Fetching from cache...


{'by': 'dhouston',
 'descendants': 71,
 'id': 8863,
 'kids': [9224,
  8917,
  8952,
  8958,
  8884,
  8887,
  8869,
  8940,
  8908,
  9005,
  8873,
  9671,
  9067,
  9055,
  8865,
  8881,
  8872,
  8955,
  10403,
  8903,
  8928,
  9125,
  8998,
  8901,
  8902,
  8907,
  8894,
  8870,
  8878,
  8980,
  8934,
  8943,
  8876],
 'score': 104,
 'time': 1175714200,
 'title': 'My YC app: Dropbox - Throw away your USB drive',
 'type': 'story',
 'url': 'http://www.getdropbox.com/u/2/screencast.html'}

### Part 2: Invalidate cache if it has been more than a day
Modify the above function to check WHEN the record was last modified (HINT: you will need to track this date now) and if a day has transpired, then make the request and update it.

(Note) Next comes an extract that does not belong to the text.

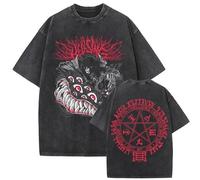 GREOPE Hell-Sing T-Shirt Homme Casual Anime Imprimé T-Shirt Unisexe Mode Casual Top Comic Dessin Animé Noir A, 04, M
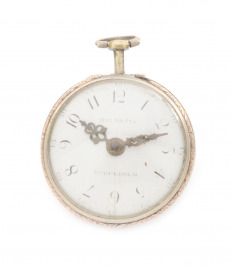 Stříbrné kapesní hodinky s pouzdrem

You can manually alter the last modified date to a much older date in order to check that your function works.

In [96]:
import datetime

In [116]:
current_date = datetime.datetime.now()

def is_within(current_date, target_date, hours=24):
    diff_hours = (current_date - target_date).total_seconds() / (60 * 60)
    return diff_hours <= hours


import requests 

caches = db['caches']

def smart_request(url):
    res = caches.find_one({"url": url})
    now = datetime.datetime.now()

    is_expired = res and res.get('date_modified') and is_within(now, res.get('date_modified'), hours=1/60)
    if is_expired:
        caches.delete_one({"url": url})

    # If not in the cache or cache is out of date
    if not res or is_expired:
        response = requests.get(url)
        data = response.json()
        result = {"url": url, "data": data, "date_modified": now}
        caches.insert_one(result)
        return data

    print("Fetching from cache...")
    return res["data"]

In [117]:
test_url = "https://hacker-news.firebaseio.com/v0/item/8864.json?print=pretty"
res = smart_request(test_url)

In [118]:
res

{'by': 'yaacovtp',
 'id': 8864,
 'parent': 8700,
 'text': "New restaurants need anonymous and confidential reviews more than web 2.0 startups do. Aren't 1000's of blogs already writing about the latest web startup?",
 'time': 1175714547,
 'type': 'comment'}

In [119]:
caches.find_one({"url": test_url})

{'_id': ObjectId('60832e094e24523d97869da5'),
 'url': 'https://hacker-news.firebaseio.com/v0/item/8864.json?print=pretty',
 'data': {'by': 'yaacovtp',
  'id': 8864,
  'parent': 8700,
  'text': "New restaurants need anonymous and confidential reviews more than web 2.0 startups do. Aren't 1000's of blogs already writing about the latest web startup?",
  'time': 1175714547,
  'type': 'comment'},
 'date_modified': datetime.datetime(2021, 4, 23, 16, 28, 56, 352000)}

In [None]:
'date_modified': datetime.datetime(2021, 4, 23, 16, 28, 2, 654000)}

### Part 3: Populate our DB with HN API
Write code to hit the HN API and populate an Authors collection, based on the top stories.

### Part 4: API Endpoint
Write a Bottle API endpoint that returns the top 5 highest ranked authors, as far as karma points, from our dataset.